Although an election would normally be held within six weeks, Assembly members have continued to be paid their salaries by the British government, which is operating full direct rule from London in all but name.

Claims that the DUP was prepared to reach out to nationalists to end major disagreements over equality issues were undermined last week when the party was unable to find a single representative to attend the visit to Dublin this weekend by Pope Francis.

In 1988, the former DUP leader, the late Rev Ian Paisley, famously denounced Pope John Paul II as ‘the Antichrist’. Anti-Catholic bigotry remains a major factor among the party’s grassroots support and is thought to have influenced its decision to snub Pope Francis.
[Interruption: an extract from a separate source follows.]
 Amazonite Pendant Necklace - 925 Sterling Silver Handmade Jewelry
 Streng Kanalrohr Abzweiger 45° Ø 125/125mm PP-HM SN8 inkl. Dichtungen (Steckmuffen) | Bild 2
Speaking after a phone call with British Direct Ruler Karen Bradley, Sinn Fein Deputy Leader Michelle O’Neill also blamed the ongoing pact between the DUP and the Tories at the Westminster parliament, which she described as “toxic”.

Ms O’Neill said it was abundantly clear that the British government’s plan is to “do nothing” to help restore the political institutions in the north.

“The Tory government has no regard for the people of the north and the price of its toxic pact with the DUP is no Assembly and no Executive,” she said.

“They continue to put their own selfish party political interests above the need to have political institutions which can deliver front-line public services and equality for all our citizens.

“The British government continues to facilitate the DUP’s denial of rights enjoyed by citizens everywhere else on these islands

“The denial of marriage rights, language rights, women’s rights and the right to a coroner’s inquest would not be tolerated in Britain and is unacceptable in the north.”